The summarization function works well for emails and long articles. I use it daily to process my inbox. It correctly identifies the key points in messages about 85% of the time. The remaining 15%, it either misses a crucial detail or overemphasises something minor. That’s not perfect, but it’s good enough that I check summaries first and only read the full message when something seems off.
Where Writing Tools falls short is creative writing. If you’re drafting fiction, poetry, or anything that requires a distinctive voice, the suggestions are actively harmful. They flatten everything into corporate-pleasant prose. This isn’t surprising — it’s how language models work — but Apple never mentioned this limitation.
The real victory of Writing Tools is integration. It’s everywhere. Every text field, every app, every context. You don’t need to copy text to a separate application. You don’t need to switch contexts. It’s just there, in the right-click menu, waiting. This is what Apple does best — not inventing the technology, but making it frictionless.

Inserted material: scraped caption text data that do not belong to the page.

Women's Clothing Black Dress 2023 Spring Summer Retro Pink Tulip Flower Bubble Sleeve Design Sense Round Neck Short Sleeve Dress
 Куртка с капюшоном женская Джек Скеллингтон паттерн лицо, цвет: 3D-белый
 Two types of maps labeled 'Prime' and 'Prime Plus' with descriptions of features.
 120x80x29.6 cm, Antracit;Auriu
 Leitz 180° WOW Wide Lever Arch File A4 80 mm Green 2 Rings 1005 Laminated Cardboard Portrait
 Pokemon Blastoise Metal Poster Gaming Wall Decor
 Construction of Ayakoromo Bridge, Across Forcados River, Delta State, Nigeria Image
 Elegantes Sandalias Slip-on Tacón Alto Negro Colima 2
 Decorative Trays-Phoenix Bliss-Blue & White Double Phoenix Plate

I’ll give them credit where it’s due. Writing Tools is the most polished implementation of AI writing assistance on any platform. Google’s equivalent on Android is faster but less accurate. Samsung’s is more capable in some ways but requires too many taps to access. Apple nailed the interaction design.
Siri: The Elephant in the Room
Now for the uncomfortable part.
Siri was supposed to be the marquee feature of Apple Intelligence. The keynote showed Siri understanding complex, multi-step requests. Finding a photo from last Tuesday’s dinner and texting it to the person who was sitting across from you. Pulling information from emails and calendar events to answer contextual questions. Actually being useful.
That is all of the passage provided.